The WORD in other words (2021) by Fr Raymund Festin SVD -Rome
Feast of Sto. Niño (Philippines)
This year’s celebration of the feast of Sto. Niño in the Philippines is of singular religious and historical significance. For the year 2021 marks the 500 years of Christianity in the country, five centuries after Magellan and his ragtag crew laid anchor and waded to our shores in March 1521.
From a religious standpoint, the birth of our Christian Faith coincided with the arrival of the famous image of Sto. Niño in Cebu. It may be said that it was the Infant Jesus who brought and planted the seeds of Christianity in our land.
From the historical perspective, the coming of the Sto. Niño to the Archipelago also heralded one of the most momentous events in history: the first circumnavigation of the world which proved that the earth is round, thus vindicating the theories of Aristotle, Copernicus, and Galileo.
In his chronicle of Magellan’s voyage around the globe, Antonio Pigafetta of Vicenza writes that the statue of the Sto.Niño was given as a gift to Hara Humamay, the beautiful and regal wife of Rajah Humabon. “The Captain (Magellan) on that occasion (the baptism of Hara Humamay and her retinue of damsels) approved of the gift which I had made to the queen of the image of the Infant Jesus . . . She promised . . . to keep it with much care,” Pigafetta observes in his account.
Magellan and his crew abused their welcome as guests of Rajah Humabon. Their arrogance and insolence resulted in the famous battle of Mactan, during which the Portuguese captain was killed, and the Europeans suffered a humiliating defeat at the hands of the brave Lapu-Lapu.
The Europeans beat a hasty retreat.
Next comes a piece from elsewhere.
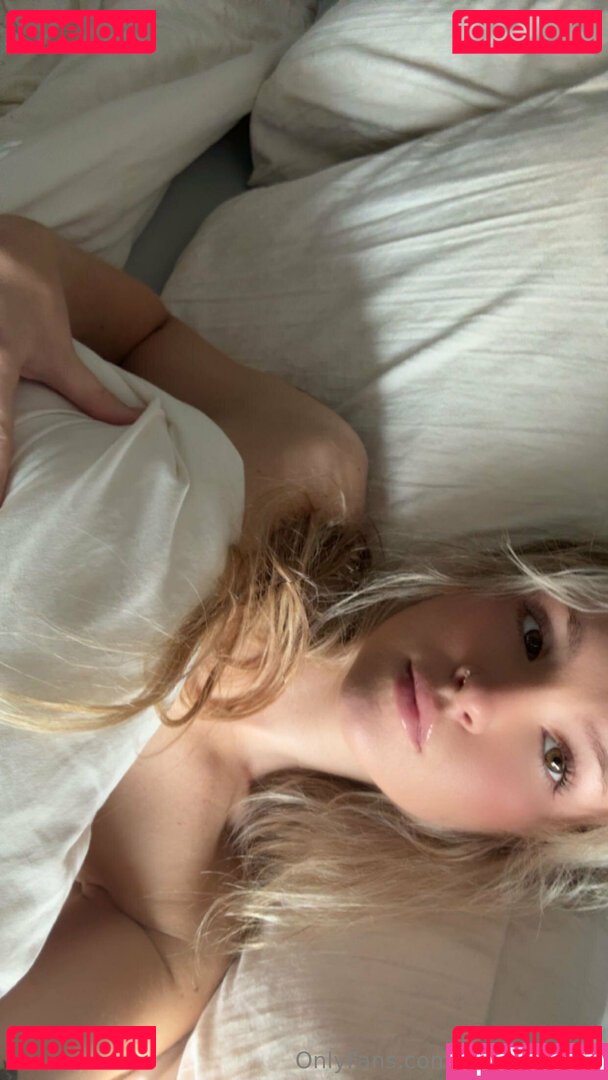 winterrayne__ / winterrrayne Nude Onlyfans Photo 22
Pigafetta, who took part in the battle of Mactan and was wounded, wrote after Magellan’s surviving fighters fled: “Our men see from the ships that the beautiful Cross which they had hoisted on a tree was hurled to the ground and kicked to pieces by the (Cebuanos) with great fury.” That was the tragic beginning of Philippine Christianization.
In the real sense, we Filipinos do not owe our Christian Faith to Magellan and his crew.
We owe it to our mother of faith: the lovely and gentle Hara Humamay (baptized as Juana after the Spanish Queen), who kept her promise to take care of the Sto. Niño, despite the treachery and impudence of the European navigators.
She was the first to believe. She was true to her promise. She kept the faith. And that was the first miracle which the Sto. Niño performed in our land.
When the Spanish missionaries returned to our shores in 1598, they found the wooden statue of the Sto. Niño not only unharmed but adorned and venerated by the Cebuanos.
And so, in this 500th year of Filipino Christianity, we express our unsparing thanks to the Sto. Niño, and our most profound devotion to Nanay Hara Humamay, for the gift of the Christian Faith.
We all outgrow our childlike innocence at some point in life. But Jesus never did. He remained gentle, meek, kind, and humble like a child until the end of His earthly life.
“Come to me,” Jesus says, “all you who are weary and burdened, and I will give you rest. Take my yoke upon you and learn from me, for I am gentle and humble in heart, and you will find rest for your souls. For my yoke is easy and my burden is light” (Mt. 11: 28-30).
To be meek, gentle, and humble. This is what it means to be a child of God.